* [YOUR ASSIGNMENT] Would you reproduce the whole listing exactly, dropping any pictures it holds?

* [DATASET SECTION]
--------------------------------------------------

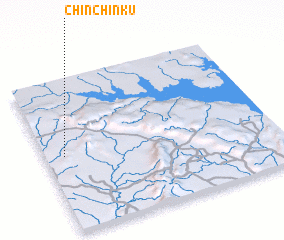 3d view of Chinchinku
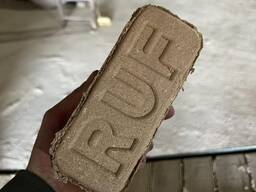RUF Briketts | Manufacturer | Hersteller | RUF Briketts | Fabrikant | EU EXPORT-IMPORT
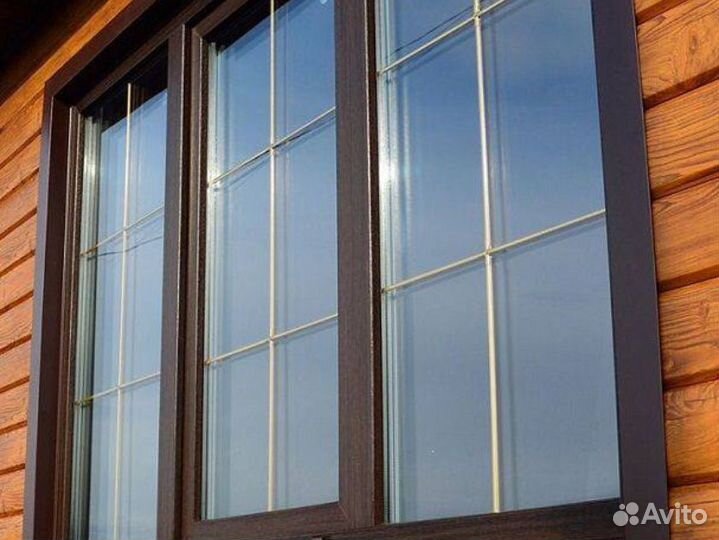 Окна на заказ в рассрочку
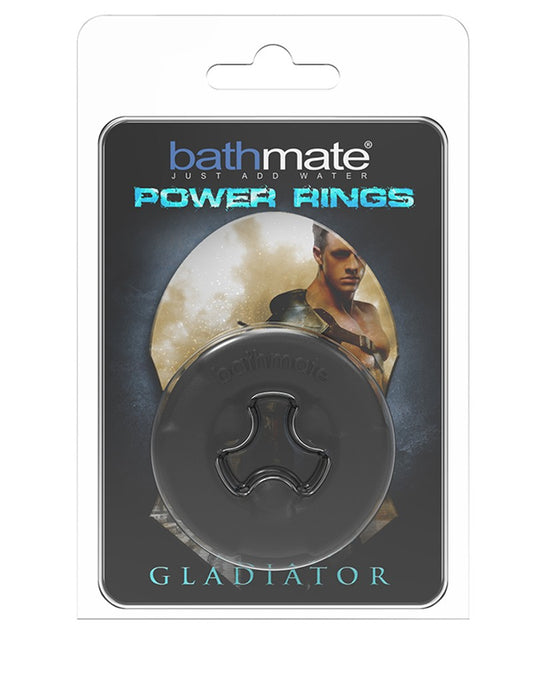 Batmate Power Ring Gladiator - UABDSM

--------------------------------------------------

* [ANSWER BOX]
 3d view of Chinchinku
RUF Briketts | Manufacturer | Hersteller | RUF Briketts | Fabrikant | EU EXPORT-IMPORT
 Окна на заказ в рассрочку
 Batmate Power Ring Gladiator - UABDSM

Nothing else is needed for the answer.